Gilets jaunes : « Seul le dialogue construit le lien social » par Mgr d’Ornellas

Dans une tribune publiée dans Ouest France du 8 décembre 2018, Mgr Pierre d’Ornellas, Archevêque de Rennes, s’interroge sur les causes du mouvement des Gilets jaunes et appelle à un dialogue qui « construit le lien social » et qui « élève l’Homme ».

Le mot « dialogue » a été prononcé. Il est possible. Il est une chance pour la paix. Il est une force pour tous, sans exception. N’en faisons pas un jeu de dupe. Ne le méprisons pas.

La forte colère de tant de Françaises et de Français oblige au dialogue. La violence aveugle qui frappe des symboles de la République et de notre démocratie le rend urgent. Cette violence et cette colère expriment une souffrance et un désespoir qui appellent une réponse. Mais laquelle ? Et pour quelles fractures ? Fracture entre les Français, fracture entre le peuple et ses dirigeants, fracture entre le travail et la vie ?

Impossible de trouver la juste réponse sans un dialogue constructif ! Celle-ci ne viendra pas d’en haut seulement. Ni exclusivement d’en bas où la diversité est grande. C’est ensemble qu’il faut chercher la juste voie pour le bien de tous. Dans un vrai dialogue, nul ne prétend avoir la solution qui s’imposerait aux autres. Chacun vient au dialogue avec son expertise qui s’enrichit de celle d’autrui. Laissons-nous rassembler par le dialogue.

Cette crise ne reflète-t-elle pas un mal-être plus profond que la question du pouvoir d’achat ? N’est-elle pas un appel à une authentique reconnaissance des personnes et à une juste solidarité collective ? Ne vient-elle pas d’une vision du progrès envisagé comme une fin en lui-même sans point de départ ni point d’arrivée ? (Mgr d’Ornellas)

Certes, il y a une crise ! Laquelle ? Crise due à une nouvelle logique de classes : la « France périphérique » et la « France urbaine » ? La France de ceux qui travaillent pour produire et la France des startups ? Mais le développement économique a-t-il à lui seul la vertu d’entrainement pour toute la société ? Cette crise ne reflète-t-elle pas un mal-être plus profond que la question du pouvoir d’achat ? N’est-elle pas un appel à une authentique reconnaissance des personnes et à une juste solidarité collective ? Ne vient-elle pas d’une vision du progrès envisagé comme une fin en lui-même sans point de départ ni point d’arrivée ?

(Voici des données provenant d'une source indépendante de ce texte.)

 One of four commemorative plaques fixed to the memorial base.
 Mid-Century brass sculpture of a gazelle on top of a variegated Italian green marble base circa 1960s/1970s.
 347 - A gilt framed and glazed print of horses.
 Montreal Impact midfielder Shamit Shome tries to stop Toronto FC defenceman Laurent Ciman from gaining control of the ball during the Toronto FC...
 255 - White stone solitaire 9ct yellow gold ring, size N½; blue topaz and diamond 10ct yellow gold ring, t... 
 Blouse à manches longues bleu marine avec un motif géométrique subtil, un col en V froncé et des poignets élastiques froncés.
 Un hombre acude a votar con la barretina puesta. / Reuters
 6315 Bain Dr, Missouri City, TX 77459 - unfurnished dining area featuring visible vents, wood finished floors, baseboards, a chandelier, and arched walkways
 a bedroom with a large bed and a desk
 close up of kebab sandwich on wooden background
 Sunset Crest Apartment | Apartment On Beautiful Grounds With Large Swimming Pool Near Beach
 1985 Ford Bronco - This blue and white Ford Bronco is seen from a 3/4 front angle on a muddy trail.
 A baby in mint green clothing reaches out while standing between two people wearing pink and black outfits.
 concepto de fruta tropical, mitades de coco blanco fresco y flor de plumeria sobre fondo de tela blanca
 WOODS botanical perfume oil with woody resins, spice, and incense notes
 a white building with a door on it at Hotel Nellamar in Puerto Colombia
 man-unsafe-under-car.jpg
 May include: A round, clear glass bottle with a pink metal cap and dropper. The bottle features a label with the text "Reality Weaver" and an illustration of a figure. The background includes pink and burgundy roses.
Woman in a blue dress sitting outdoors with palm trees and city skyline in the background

Nous devons innover en inventant la construction d’une société plus fraternelle et inclusive, moins jacobine et davantage attentive aux différences perçues comme des chances pour tous, aux territoires et à leur capacité créatrice, aux diverses sollicitudes envers les plus pauvres dont la parole est à écouter. Si la France est une communauté de destin, elle ne se définit pas comme une simple addition d’homo oeconomicus, ni comme un ensemble replié sur lui-même.

Redéfinissons ensemble nos valeurs communes sur lesquelles édifier notre fraternité. Cherchons ensemble la justice sociale dont le fruit est la paix. Discernons ensemble les enjeux cruciaux actuels, comme ceux de l’écologie et de la migration. « Tout est lié », dit justement le pape François.

Ne refusons pas le dialogue. L’empêcher relève du mépris envers celles et ceux qui sont en colère. En responsabilité de gouverner ou de représenter des secteurs de la société, le dialogue n’est jamais une faiblesse pourvu qu’on y cherche sincèrement le bien de tous pour aujourd’hui et demain. La violence ne mène à rien. Le dialogue est toujours fructueux. Les corps intermédiaires y ont une place indispensable. Ne faut-il pas les encourager pour que tout citoyen s’y sente légitimement représenté ? Le dialogue est alors efficace : il construit le lien social, il élève l’Homme.